[Supplied material — start]

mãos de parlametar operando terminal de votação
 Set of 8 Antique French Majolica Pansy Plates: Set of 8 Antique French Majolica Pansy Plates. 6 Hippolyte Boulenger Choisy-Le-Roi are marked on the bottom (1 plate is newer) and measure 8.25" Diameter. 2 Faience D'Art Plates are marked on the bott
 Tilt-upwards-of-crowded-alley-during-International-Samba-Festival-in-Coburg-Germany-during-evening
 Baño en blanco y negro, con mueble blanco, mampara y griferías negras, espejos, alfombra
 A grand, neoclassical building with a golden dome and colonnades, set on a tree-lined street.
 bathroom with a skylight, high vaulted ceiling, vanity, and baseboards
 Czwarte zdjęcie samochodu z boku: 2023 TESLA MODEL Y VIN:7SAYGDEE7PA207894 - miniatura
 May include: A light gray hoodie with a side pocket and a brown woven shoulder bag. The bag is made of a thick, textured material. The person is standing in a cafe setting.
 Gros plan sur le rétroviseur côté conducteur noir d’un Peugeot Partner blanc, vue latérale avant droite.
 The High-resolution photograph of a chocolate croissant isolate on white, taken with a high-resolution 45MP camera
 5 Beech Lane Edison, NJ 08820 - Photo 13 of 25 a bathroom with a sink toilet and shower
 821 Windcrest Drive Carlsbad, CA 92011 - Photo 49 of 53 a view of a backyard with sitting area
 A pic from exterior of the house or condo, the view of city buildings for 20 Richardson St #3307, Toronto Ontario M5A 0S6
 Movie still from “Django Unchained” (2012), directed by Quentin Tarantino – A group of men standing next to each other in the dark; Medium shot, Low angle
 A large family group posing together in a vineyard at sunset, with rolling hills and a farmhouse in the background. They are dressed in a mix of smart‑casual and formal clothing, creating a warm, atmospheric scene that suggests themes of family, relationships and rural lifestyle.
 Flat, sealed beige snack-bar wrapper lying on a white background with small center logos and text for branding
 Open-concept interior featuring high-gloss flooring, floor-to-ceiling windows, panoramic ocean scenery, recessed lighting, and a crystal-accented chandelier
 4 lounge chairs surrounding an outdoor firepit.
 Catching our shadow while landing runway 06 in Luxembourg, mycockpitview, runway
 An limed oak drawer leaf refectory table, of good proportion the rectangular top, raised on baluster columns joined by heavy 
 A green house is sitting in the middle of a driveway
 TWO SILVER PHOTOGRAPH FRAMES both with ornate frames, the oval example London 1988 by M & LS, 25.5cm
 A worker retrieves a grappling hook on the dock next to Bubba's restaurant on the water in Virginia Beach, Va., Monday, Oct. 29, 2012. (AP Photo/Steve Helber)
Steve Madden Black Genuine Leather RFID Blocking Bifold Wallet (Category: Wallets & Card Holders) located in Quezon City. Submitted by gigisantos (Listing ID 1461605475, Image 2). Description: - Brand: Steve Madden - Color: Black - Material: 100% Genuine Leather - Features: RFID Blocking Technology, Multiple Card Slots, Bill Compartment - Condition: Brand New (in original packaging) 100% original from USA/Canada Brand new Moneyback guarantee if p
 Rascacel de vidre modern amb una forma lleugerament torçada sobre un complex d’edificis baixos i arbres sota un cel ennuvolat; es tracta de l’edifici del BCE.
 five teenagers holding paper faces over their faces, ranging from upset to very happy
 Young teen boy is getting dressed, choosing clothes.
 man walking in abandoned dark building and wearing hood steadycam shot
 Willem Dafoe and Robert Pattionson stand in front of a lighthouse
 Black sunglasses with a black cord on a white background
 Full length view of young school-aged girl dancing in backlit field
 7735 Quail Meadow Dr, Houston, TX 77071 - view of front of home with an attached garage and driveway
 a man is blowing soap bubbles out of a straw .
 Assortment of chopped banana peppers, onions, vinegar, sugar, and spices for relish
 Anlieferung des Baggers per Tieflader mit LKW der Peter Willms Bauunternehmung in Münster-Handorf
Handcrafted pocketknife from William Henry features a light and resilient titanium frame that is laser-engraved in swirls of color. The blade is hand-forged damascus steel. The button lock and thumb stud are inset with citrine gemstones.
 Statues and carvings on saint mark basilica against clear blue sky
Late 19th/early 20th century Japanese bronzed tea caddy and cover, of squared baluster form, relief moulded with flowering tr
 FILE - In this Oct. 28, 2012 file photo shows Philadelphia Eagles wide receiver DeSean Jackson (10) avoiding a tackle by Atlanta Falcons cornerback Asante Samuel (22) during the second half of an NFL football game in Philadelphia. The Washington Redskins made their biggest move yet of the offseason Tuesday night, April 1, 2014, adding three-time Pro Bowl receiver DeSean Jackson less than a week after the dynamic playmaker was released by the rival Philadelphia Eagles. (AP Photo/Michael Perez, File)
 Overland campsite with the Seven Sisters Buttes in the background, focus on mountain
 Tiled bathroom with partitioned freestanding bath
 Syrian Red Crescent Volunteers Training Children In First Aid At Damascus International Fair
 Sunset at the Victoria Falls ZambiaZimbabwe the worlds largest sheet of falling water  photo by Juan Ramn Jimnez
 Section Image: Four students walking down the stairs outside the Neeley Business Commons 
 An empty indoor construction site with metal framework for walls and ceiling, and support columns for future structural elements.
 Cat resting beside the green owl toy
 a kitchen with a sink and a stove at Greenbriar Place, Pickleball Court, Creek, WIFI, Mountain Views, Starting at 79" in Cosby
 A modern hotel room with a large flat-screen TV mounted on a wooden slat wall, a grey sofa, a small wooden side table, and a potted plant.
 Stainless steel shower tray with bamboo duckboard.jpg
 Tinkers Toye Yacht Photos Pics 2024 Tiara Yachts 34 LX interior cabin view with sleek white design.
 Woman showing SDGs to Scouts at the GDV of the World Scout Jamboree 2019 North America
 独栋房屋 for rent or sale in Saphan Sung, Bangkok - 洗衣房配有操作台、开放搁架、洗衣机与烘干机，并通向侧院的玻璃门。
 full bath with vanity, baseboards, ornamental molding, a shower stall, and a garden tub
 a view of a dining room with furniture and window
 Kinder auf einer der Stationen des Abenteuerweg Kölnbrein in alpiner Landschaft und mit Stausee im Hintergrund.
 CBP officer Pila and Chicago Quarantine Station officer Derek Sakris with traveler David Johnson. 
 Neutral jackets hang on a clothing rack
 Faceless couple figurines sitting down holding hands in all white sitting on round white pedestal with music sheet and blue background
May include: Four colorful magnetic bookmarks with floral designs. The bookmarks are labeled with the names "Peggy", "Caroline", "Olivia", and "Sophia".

[Supplied material — finish]

## Exercise details:
From the entries above, write out only the lines starting at the line that holds "A modern hotel" and ending at the line that holds "Woman showing SDGs", keeping both and matching them exactly.

## Your solution:
 A modern hotel room with a large flat-screen TV mounted on a wooden slat wall, a grey sofa, a small wooden side table, and a potted plant.
 Stainless steel shower tray with bamboo duckboard.jpg
 Tinkers Toye Yacht Photos Pics 2024 Tiara Yachts 34 LX interior cabin view with sleek white design.
 Woman showing SDGs to Scouts at the GDV of the World Scout Jamboree 2019 North America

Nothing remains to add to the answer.